Department of Biomedical Sciences, Cedars-Sinai Medical Center, Los Angeles, CA, USA.
J Control Release. 2012 Nov 10;163(3):368-73. doi: 10.1016/j.jconrel.2012.09.015. Epub 2012 Oct 4.
The tumor-targeted corrole particle, HerGa, displays preferential toxicity to tumors in vivo and can be tracked via fluorescence for simultaneous detection, imaging, and treatment. We have recently uncovered an additional feature of HerGa in that its cytotoxicity is enhanced by light irradiation. In the present study, we have elucidated the cellular mechanisms for HerGa photoexcitation-mediated cell damage using fluorescence optical imaging. In particular, we found that light irradiation of HerGa produces singlet oxygen, causing mitochondrial damage and cytochrome c release, thus promoting apoptotic cell death. An understanding of the mechanisms of cell death induced by HerGa, particularly under conditions of light-mediated excitation, may direct future efforts in further customizing this nanoparticle for additional therapeutic applications and enhanced potency.

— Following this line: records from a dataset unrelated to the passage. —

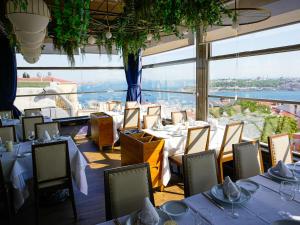 a restaurant with tables and chairs and a large window at Cihangir Residences in Istanbul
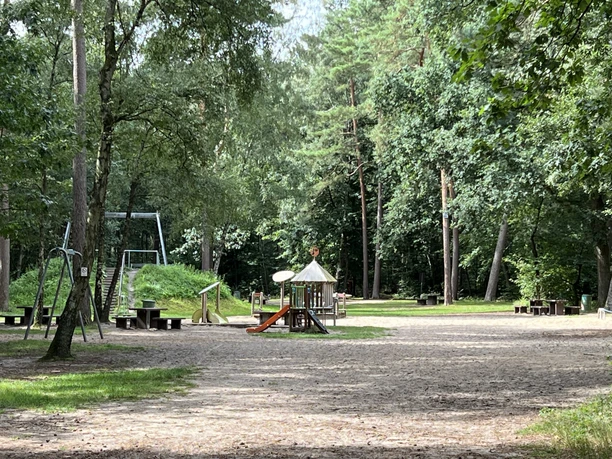 Waldspielplatz Kirchlinteln Ein weitläufiger Waldspielplatz mit Klettergerüst, Rutsche und Schaukeln, umgeben von hohen Bäumen.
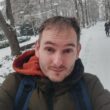 Marek Stejskal venku v zimě, oblečený do teplé bundy a s batohem.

肿瘤靶向卟啉粒子 HerGa 对体内肿瘤具有优先毒性,并可通过荧光进行跟踪,从而实现同时检测、成像和治疗。我们最近发现了 HerGa 的另一个特性,即其细胞毒性可通过光照增强。在本研究中,我们使用荧光光学成像阐明了 HerGa 光激发介导的细胞损伤的细胞机制。具体而言,我们发现 HerGa 的光照会产生单线态氧,导致线粒体损伤和细胞色素 c 释放,从而促进细胞凋亡。了解 HerGa 诱导细胞死亡的机制,特别是在光照介导的激发条件下,可能会指导未来进一步定制这种纳米颗粒以用于其他治疗应用和提高效力的努力。